Attorney Garry Taroli, who serves on the SPCA board, served as special prosecutor in the case at the direction of District Attorney Stefanie Salavantis.


As Baker approached the dog, Frankie ran upstairs at the couple’s Prospect Street home, defecating as he ran. Baker then picked up the animal, which bit him on the hand, the affidavit states.


“Mr. Baker then pinned the dog to the floor with his full weight by placing his knee in the middle of the dog’s body and began beating the dog,” the affidavit states.


As Muzzy tried to pull Baker off of Frankie, Baker twice picked up the dog and threw him onto the floor, investigators said.


Muzzy was able to rescue Frankie from Baker, and noticed that the dog was bleeding and unable to move his back legs.

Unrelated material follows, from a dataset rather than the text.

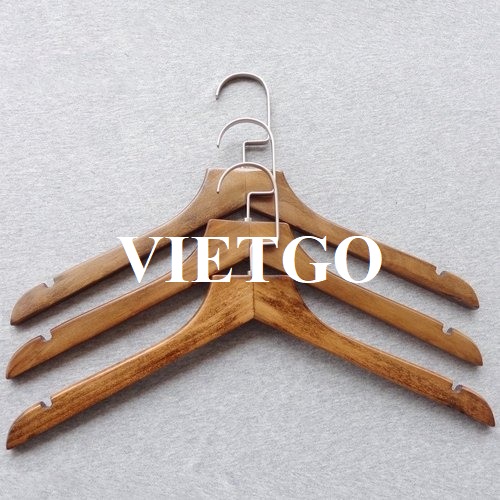 Thương vụ xuất khẩu móc áo gỗ sang thị trường Pháp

Frankie was diagnosed with swelling, abrasions, bruising, internal bleeding, head trauma, a punctured lung and four fractured foot bones, documents state.


In his affidavit, SPCA officer Wayne Harvey asked the court to order “restitution for the cost of medical care needed to repair Frankie.”


Lupas ordered Baker to pay $1,785 in restitution, in addition to a $750 fine and costs.


The SPCA had been seeking jail time, while Baker had been seeking admission into the Accelerated Rehabilitative Disposition program.


The judge ruled that Baker will serve 12 months’ probation in connection with the attack, and both attorneys told The Times Leader that they felt the resolution was appropriate.


“While we had requested incarceration due to the intentional and vicious attack on a small, defenseless, and otherwise sweet dog, we fully understand and appreciate that Judge Lupas’ decision was in accordance with the sentencing guidelines and was carefully considered and well thought out,” Taroli wrote in an e-mail later Wednesday.


Lupas also ordered Baker to perform 25 hours of community service and write a letter of apology to the SPCA. He also is forbidden from owning any domestic animals.


Prosecuting attorney Taroli also pointed out that Baker is required to undergo a mental health evaluation and follow-up with any recommendations as to treatment.


Defense attorney Singer said Baker suggested performing that community service at the SPCA, but the agency rejected that idea.


Baker did not have any prior criminal record, Singer noted. He also said it was Baker who drove Muzzy to the animal hospital with the injured dog.


“The dog is thriving, it’s living,” Singer added.


More than that, Frankie is living with someone else, according to Taroli


“He’s been fixed up and adopted by a family that thinks he’s terrific,” Taroli said.


Neither attorney could say whether or not Baker and Muzzy remain in a relationship.